Dr. Harbaugh is the University Distinguished Professor and Chair of the Department of Neurosurgery and the Director of the Neuroscience Institute at Penn State. In 2013, he was named a Penn State Alumni Fellow, the highest award of the Penn State Alumni Association. He also holds a clinical appointment as guiding professor of neurosurgery at Huanhu Hospital in Tianjin, China. 

Dr. Harbaugh has been an invited speaker throughout the world. His research interests include clinical trial design, outcomes analysis, quality improvement in neurosurgery and neural engineering. He has edited three books and published more than 400 articles, book chapters and abstracts on various neurosurgical topics. Dr Harbaugh also has served on the editorial boards of Neurosurgery, the AANS Neurosurgeon, the Journal of Neurovascular Disease, the Journal of Neuropsychiatry and Clinical Neurosciences and Neurobiology of Aging

Dr.
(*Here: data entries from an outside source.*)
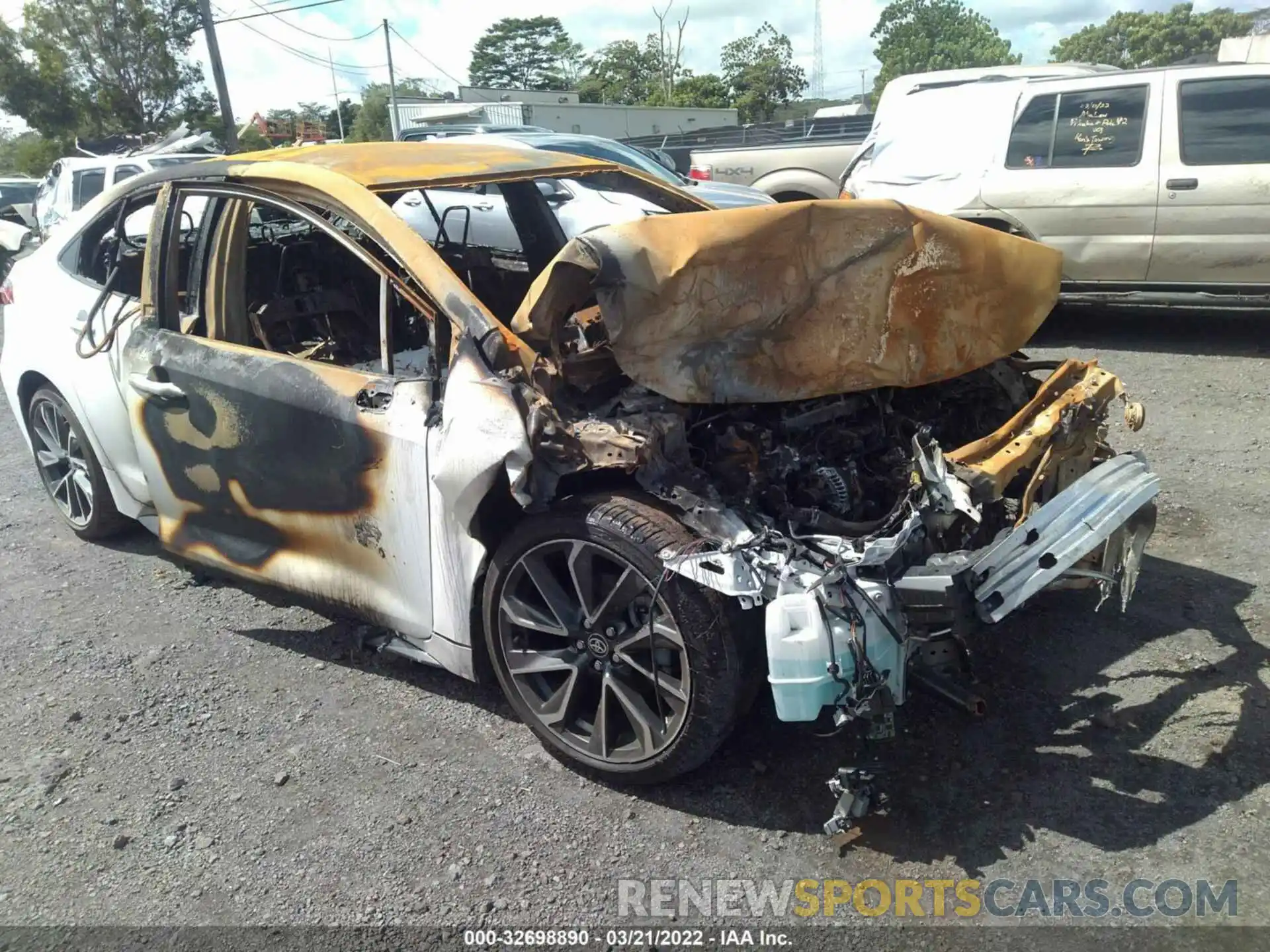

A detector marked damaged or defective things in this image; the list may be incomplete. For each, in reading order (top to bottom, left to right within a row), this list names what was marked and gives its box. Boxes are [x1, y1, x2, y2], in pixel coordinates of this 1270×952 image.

fire-damaged door [124, 178, 442, 651]
burned toyota corolla [0, 143, 1154, 841]
crumpled hood [513, 201, 1064, 405]
burned paint [513, 202, 1064, 405]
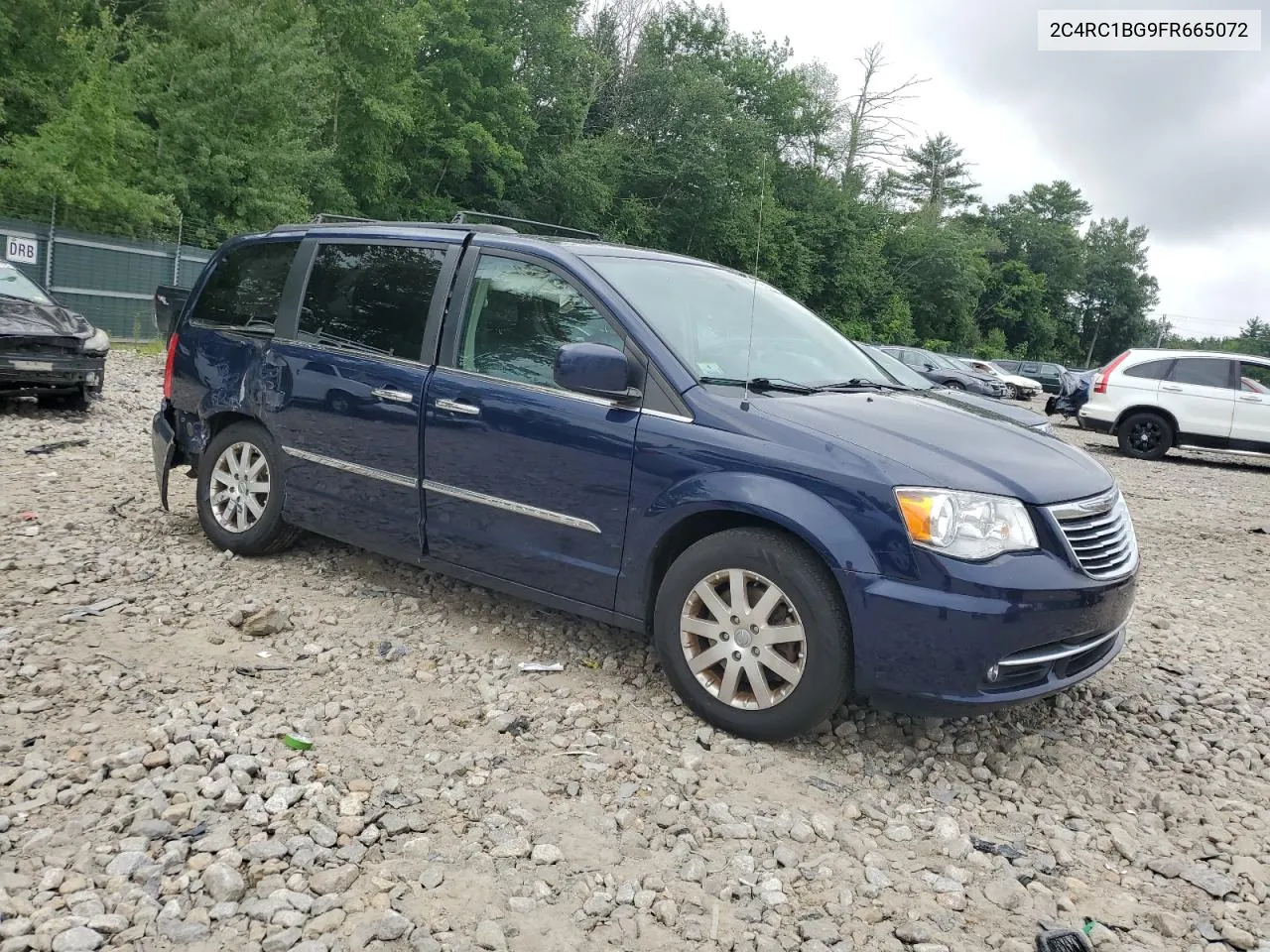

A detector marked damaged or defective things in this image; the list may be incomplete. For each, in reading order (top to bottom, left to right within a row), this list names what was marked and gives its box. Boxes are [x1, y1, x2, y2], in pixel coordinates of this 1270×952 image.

wrecked car hood [0, 301, 93, 342]
damaged dark car [0, 261, 107, 406]
damaged rear bumper [0, 347, 106, 396]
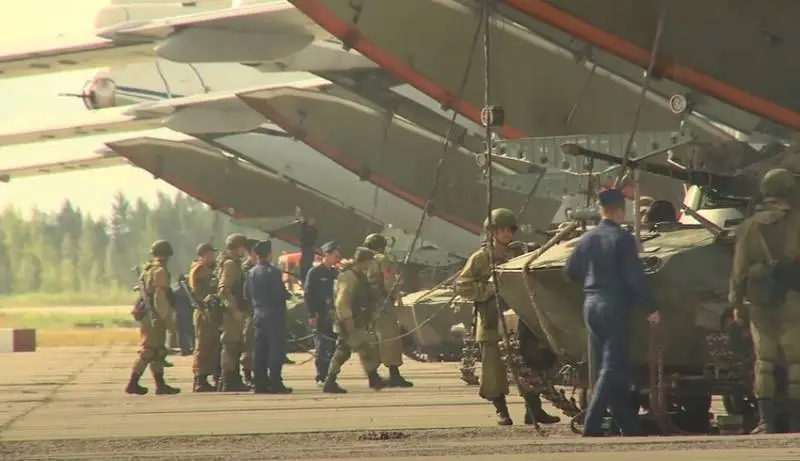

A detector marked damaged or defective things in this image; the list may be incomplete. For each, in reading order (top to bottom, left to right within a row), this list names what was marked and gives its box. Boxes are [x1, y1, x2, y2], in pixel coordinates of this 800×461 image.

tarmac crack [0, 342, 115, 434]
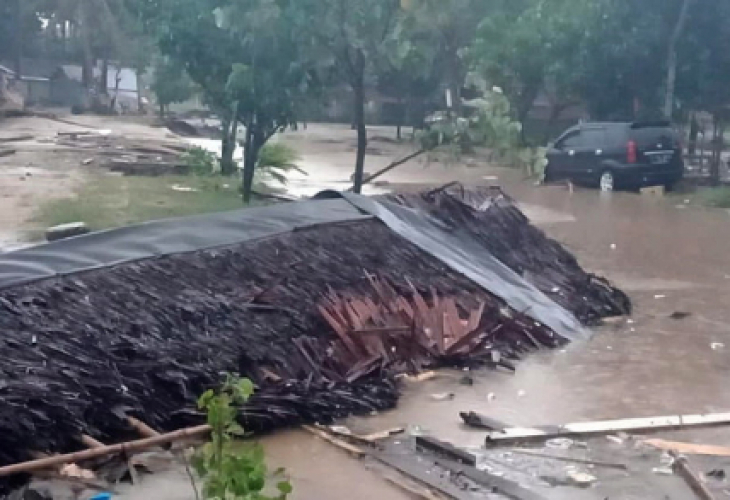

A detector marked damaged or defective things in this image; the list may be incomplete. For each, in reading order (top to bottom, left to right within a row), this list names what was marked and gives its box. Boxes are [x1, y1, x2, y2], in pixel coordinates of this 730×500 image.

broken wooden plank [300, 426, 364, 458]
broken wooden plank [416, 436, 478, 466]
broken wooden plank [484, 412, 730, 444]
broken wooden plank [644, 438, 730, 458]
broken wooden plank [668, 452, 712, 500]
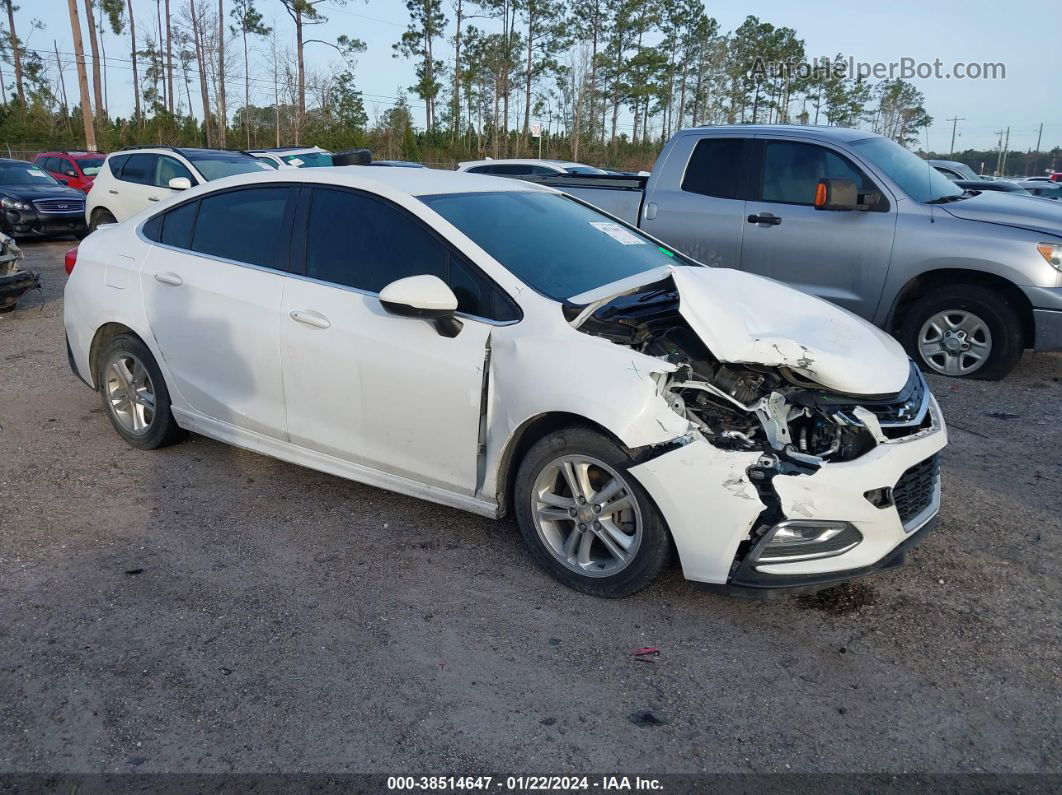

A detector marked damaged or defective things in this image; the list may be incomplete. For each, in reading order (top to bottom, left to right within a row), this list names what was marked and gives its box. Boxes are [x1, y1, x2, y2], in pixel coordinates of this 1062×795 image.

crumpled hood [944, 189, 1062, 238]
crumpled hood [572, 268, 916, 398]
front-end collision damage [568, 270, 952, 588]
broken headlight assembly [756, 524, 864, 564]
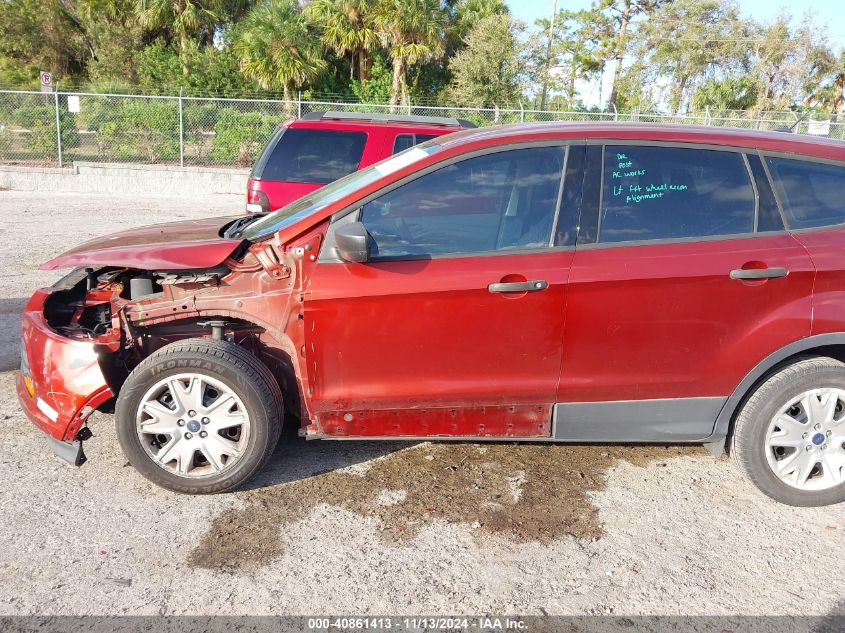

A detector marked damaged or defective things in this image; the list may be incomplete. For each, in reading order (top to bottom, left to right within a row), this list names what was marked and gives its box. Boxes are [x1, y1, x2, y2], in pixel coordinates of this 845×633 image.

crushed front bumper [17, 288, 113, 456]
damaged front end [18, 217, 312, 464]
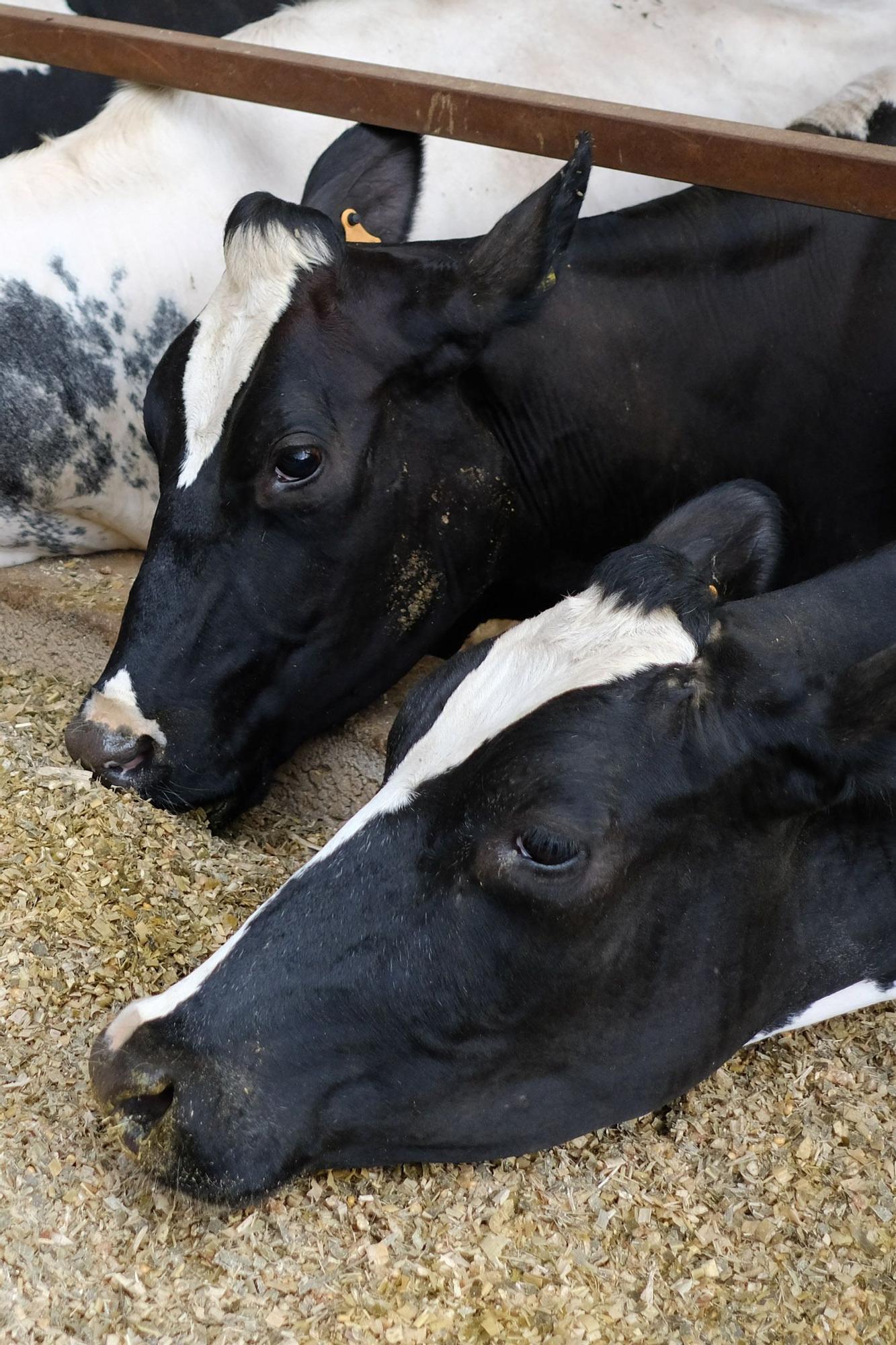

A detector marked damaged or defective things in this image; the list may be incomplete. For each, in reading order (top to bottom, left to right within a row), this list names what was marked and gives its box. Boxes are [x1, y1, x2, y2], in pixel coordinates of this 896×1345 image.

rusty metal bar [1, 4, 893, 218]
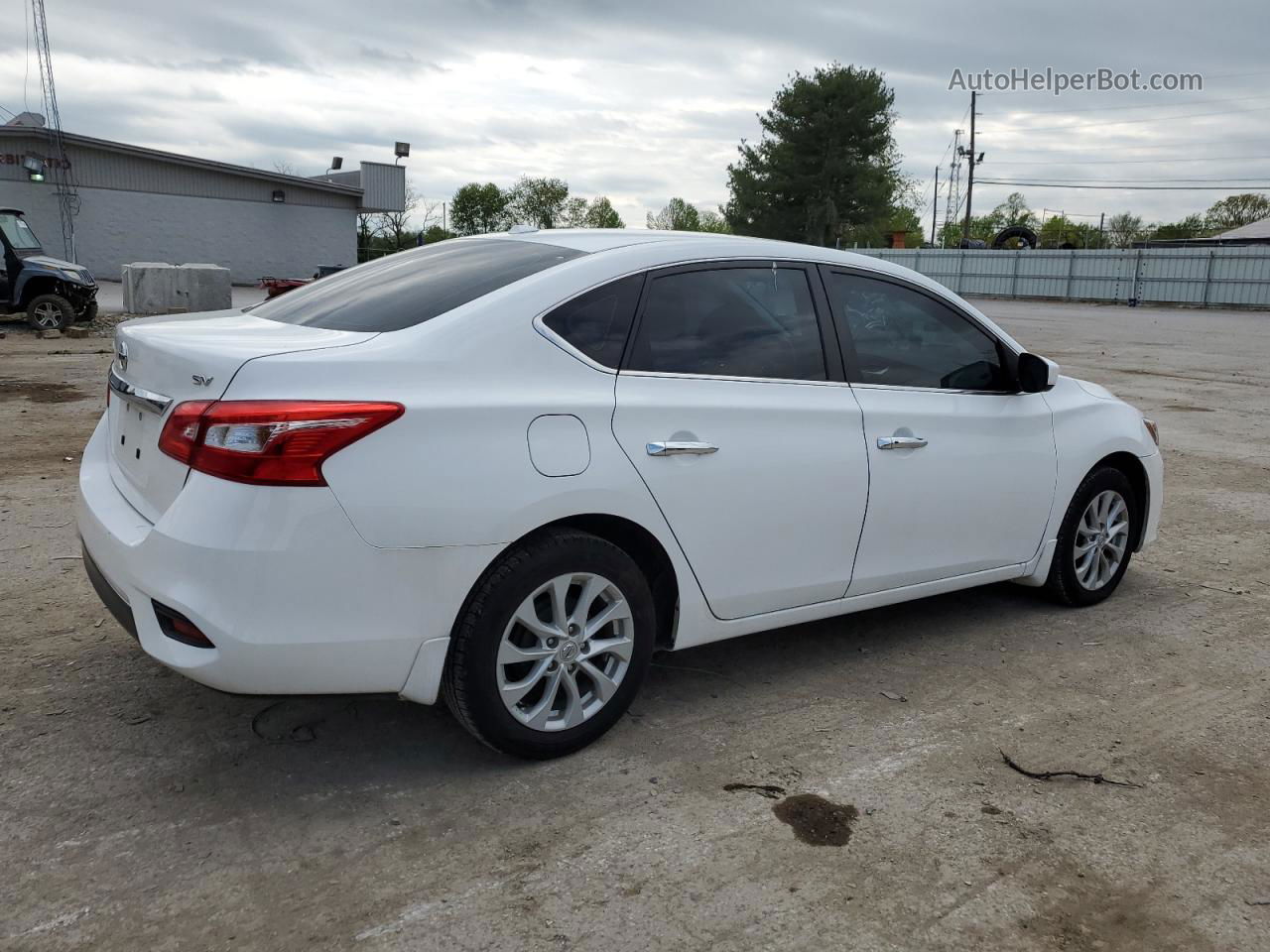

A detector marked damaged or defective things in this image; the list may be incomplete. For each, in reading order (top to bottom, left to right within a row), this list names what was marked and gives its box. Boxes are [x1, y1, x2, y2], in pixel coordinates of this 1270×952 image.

damaged dark suv [0, 207, 97, 332]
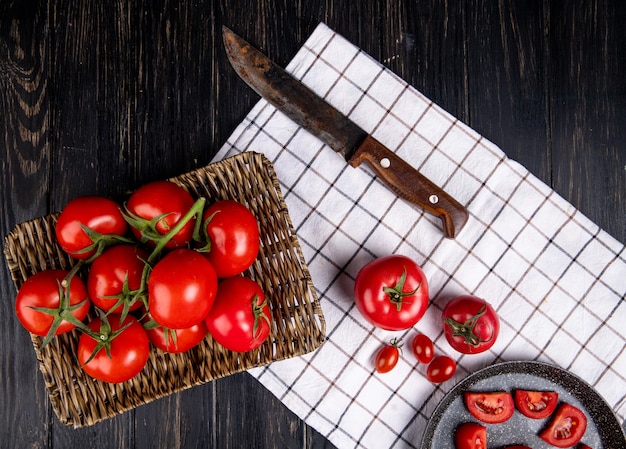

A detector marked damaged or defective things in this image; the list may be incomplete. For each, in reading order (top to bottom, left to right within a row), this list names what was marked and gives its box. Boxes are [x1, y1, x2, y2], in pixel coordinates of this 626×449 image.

rusty knife blade [219, 27, 464, 238]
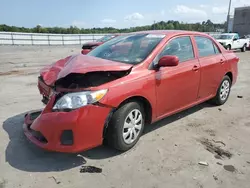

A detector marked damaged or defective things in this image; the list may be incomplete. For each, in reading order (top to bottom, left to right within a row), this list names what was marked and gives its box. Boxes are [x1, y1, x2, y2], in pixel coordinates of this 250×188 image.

crumpled hood [39, 54, 133, 85]
broken headlight [52, 89, 107, 110]
damaged front bumper [23, 95, 111, 153]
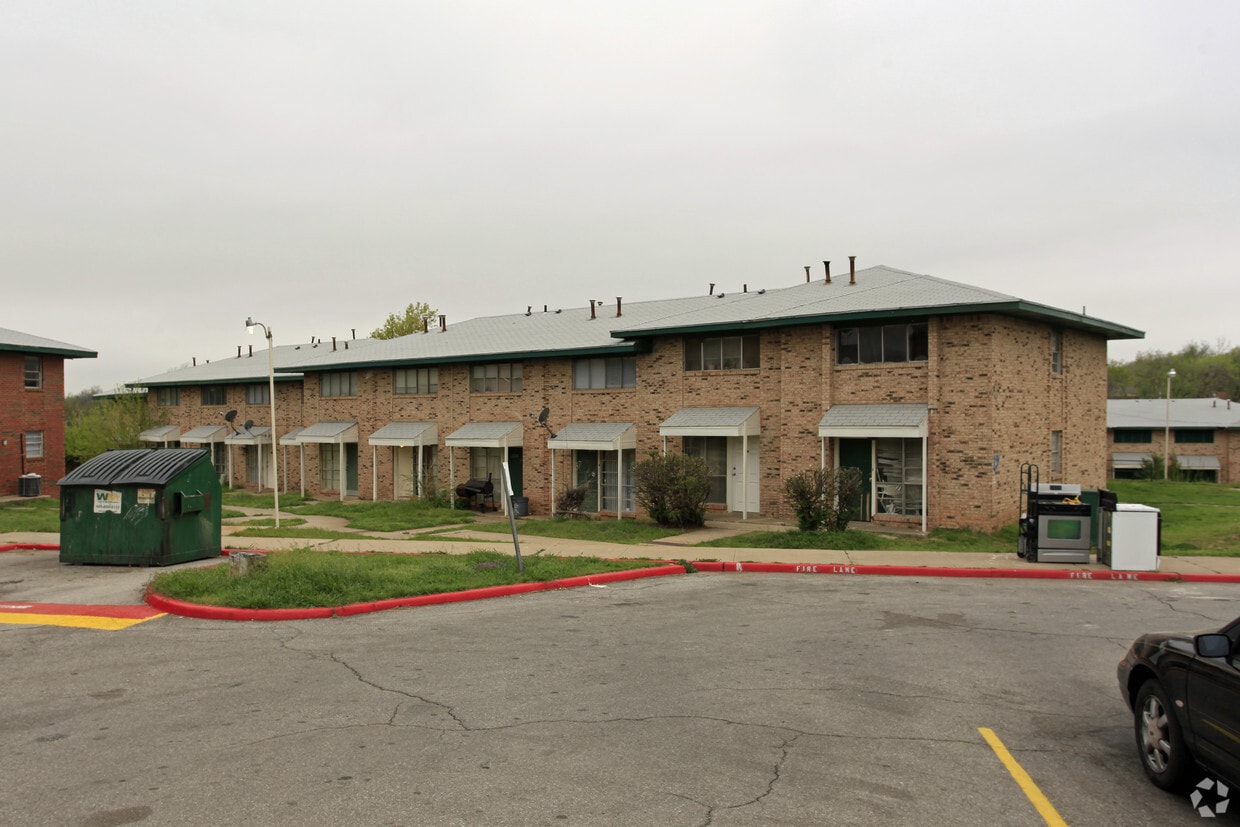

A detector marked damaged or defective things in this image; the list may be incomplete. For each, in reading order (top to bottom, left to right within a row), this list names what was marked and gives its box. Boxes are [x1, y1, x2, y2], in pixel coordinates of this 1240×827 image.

cracked pavement [2, 572, 1240, 823]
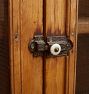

Harbaugh has obtained research funding from the NIH, NATO, USDA, the Commonwealth of Pennsylvania, industry, foundations and other organizations. He is a member of the American Board of Neurological Surgery (ABNS), the Society of Neurological Surgeons (SNS), the American Academy of Neurological Surgery (AANS), the American Association of Neurological Surgeons (AANS), the Congress of Neurological Surgeons (CNS), the AANS/CNS Cerebrovascular Section (CVS), the AANS/CNS Tumor Section, the American Stroke Association (ASA), the American Heart Association (AHA) Stroke Council, the New England Neurosurgical Society (NENS), the Pennsylvania Neurosurgical Society (PNS) and the American College of Surgeons (ACS). 

Dr. Harbaugh has held numerous leadership positions in these organizations, including Chair of the CV Section, Chair of the AANS/CNS Washington Committee, President of the NENS, Vice-President of the Academy, Director of the ABNS, SNS President and AANS President. He presently serves as Chair of the Board of Directors of the NeuroPoint Alliance, Inc., as a member of the Accreditation Council for Graduate Medical Education’s Residency Review Committee for Neurosurgery, as a member of the Steering Committee of the National Academy of Medicine’s Action Collaborative on Clinician Well-Being and Resilience, as Co-Chair of the Agency for Healthcare Research and Quality’s Registry of Patient Registries project and as a member of the Governance Council for the Food and Drug Administration’s coordinated registry network for Devices used for Acute Ischemic Stroke Intervention (DAISI) project.

Dr. Harbaugh also served as a member of the National Football League’s Head, Neck and Spine Committee and its Injury Surveillance Committee, as a member of the Strategic Vision Committee of the Federal Interagency Traumatic Brain Injury Registry (FITBIR), the Board of Trustees of the Penn State Hershey Medical Center, Lebanon Valley College and the Saint Joan of Arc School.